### RECORDS SHOWN:
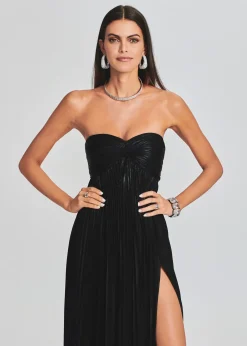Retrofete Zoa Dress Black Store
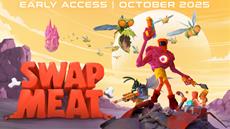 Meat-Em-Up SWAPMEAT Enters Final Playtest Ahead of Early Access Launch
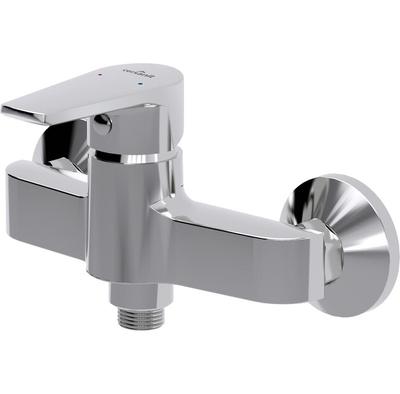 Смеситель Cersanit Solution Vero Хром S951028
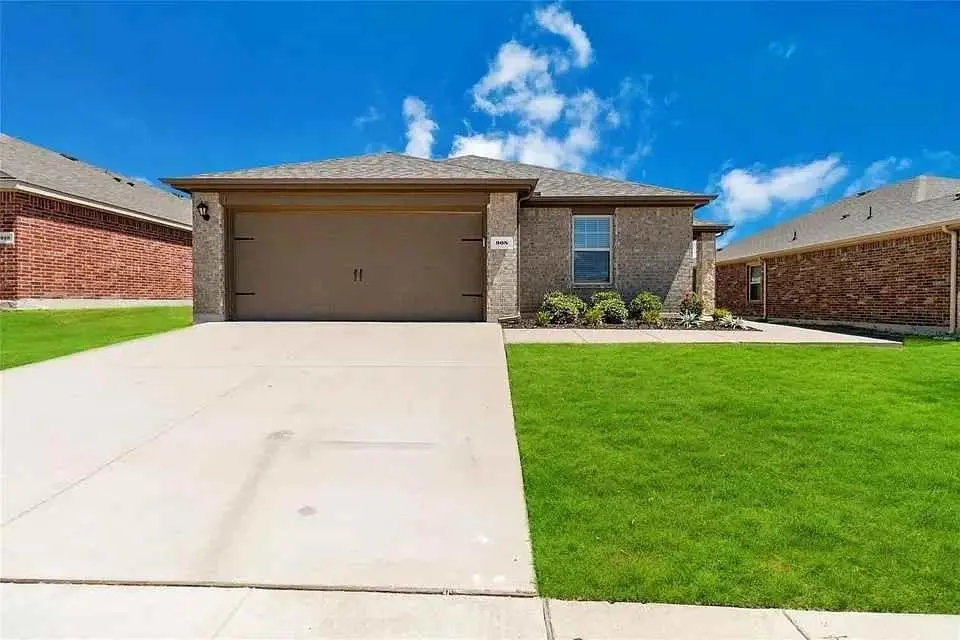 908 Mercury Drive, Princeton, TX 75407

...

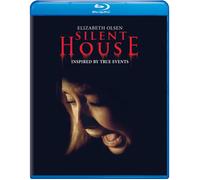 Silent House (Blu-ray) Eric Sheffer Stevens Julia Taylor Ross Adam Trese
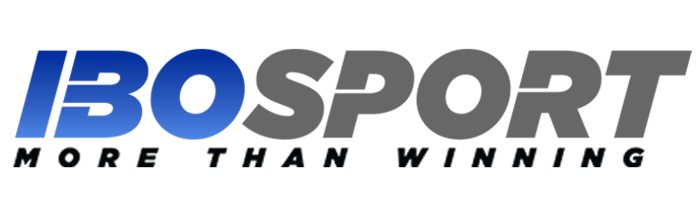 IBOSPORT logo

* * *

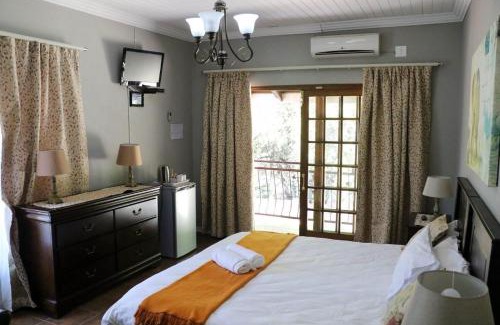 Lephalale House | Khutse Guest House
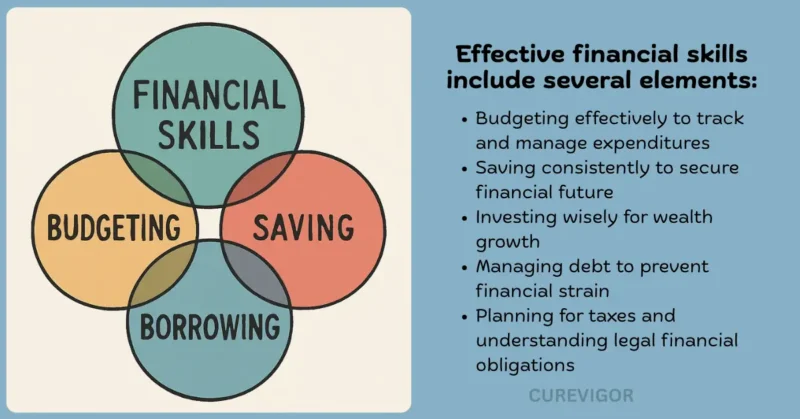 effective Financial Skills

### WHAT YOU NEED TO DO:
Nothing but the lines above from the line with "Meat-Em-Up SWAPMEAT Enters" up to and including the line with "908 Mercury Drive, Princeton, TX 75407" should be returned, exactly as written and without pictures.

### RESPONSE AREA:
 Meat-Em-Up SWAPMEAT Enters Final Playtest Ahead of Early Access Launch
 Смеситель Cersanit Solution Vero Хром S951028
 908 Mercury Drive, Princeton, TX 75407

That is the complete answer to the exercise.